Sunday, April 20, 2014

Triumph for British forces in Boy’s Own-style Kajaki mission

British forces completed one of their most complex and daring operations since the Second World War early this morning when they delivered a giant turbine to the Kajaki hydroelectric dam in Afghanistan’s insurgency-racked southern province of Helmand.

A convoy of 100 vehicles, protected by 5,000 troops and dozens of attack helicopters and fighter jets, drove the turbine and other equipment, weighing about 220 tonnes, for five days across 100 miles of hostile territory.

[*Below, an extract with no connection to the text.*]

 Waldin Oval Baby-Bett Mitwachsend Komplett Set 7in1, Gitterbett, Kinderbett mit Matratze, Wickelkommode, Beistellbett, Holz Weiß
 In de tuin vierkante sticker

The Times was granted exclusive access as it arrived at about 2.30am today, edging through British forces’ Camp Zeebrugge at Kajaki in a huge cloud of dust as helicopters circled overhead and several mortars were heard landing in the distance.

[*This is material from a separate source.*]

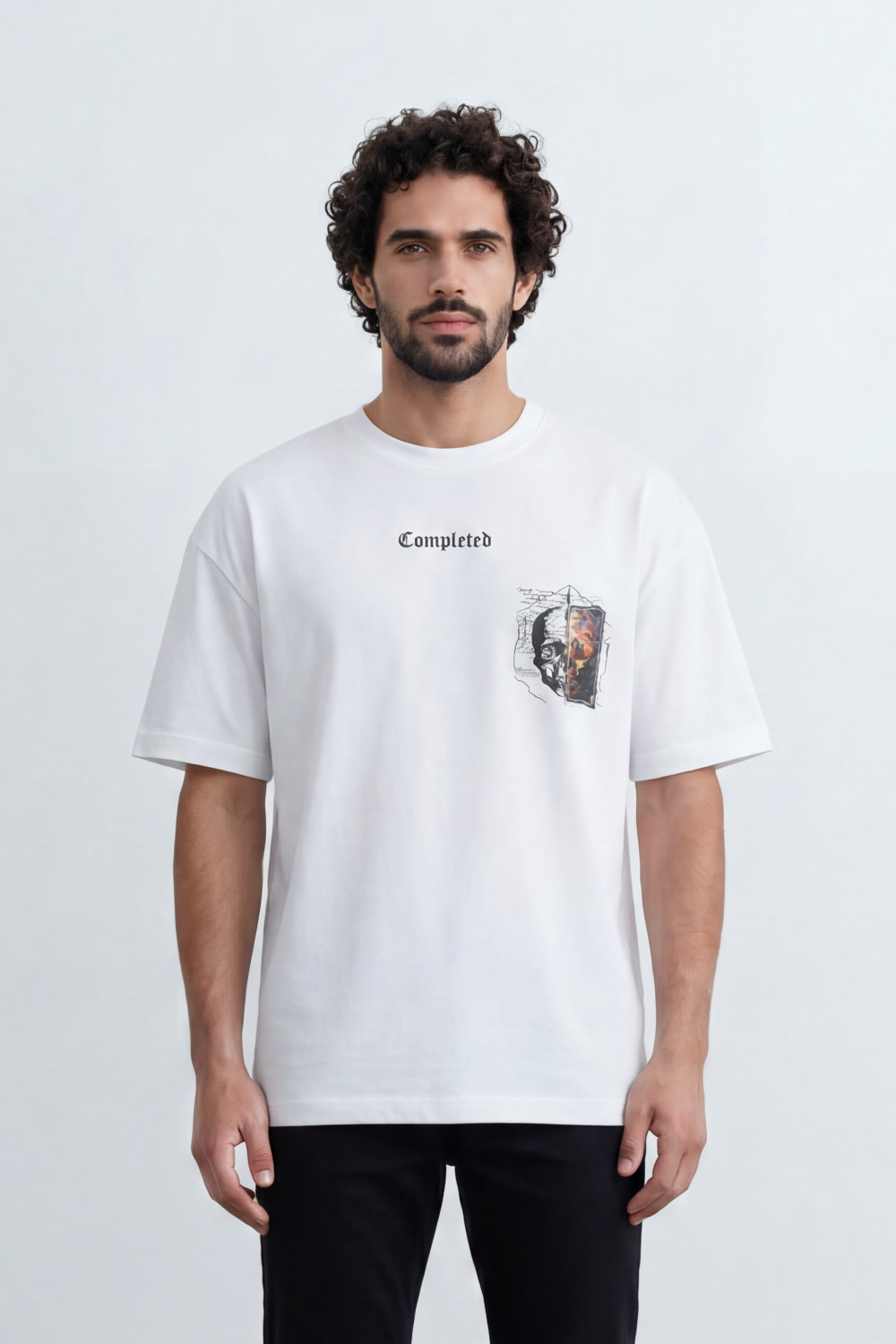 Men’s Tomato Store Archive Patch Graphic Oversize T-Shirt With Smooth Jersey Texture Small Front Typography Print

About 2,000 US and Canadian forces protected the convoy for the first 50 miles of its journey from the southern city of Kandahar, but 3,000 British troops handled the perilous final leg through known Taleban strongholds.

“It’s been pretty exciting and emotional at times,” said Corporal Barry Guthrie, 29, from Stirling, who drove one of the nine 36-wheeler lorries carrying the equipment all the way from Kandahar to Kajaki.

“All the way we were expecting to get whacked, but it never happened,” he told The Times, as the turbine, transformers and other equipment were unloaded with a 90-tonne crane, also brought in by the convoy.

The Taleban repeatedly attacked the forces protecting the convoy, but were overwhelmed and lost more than 200 men, according to British officials. Nato forces reported only one injury – a British soldier whose pelvis was crushed under a vehicle.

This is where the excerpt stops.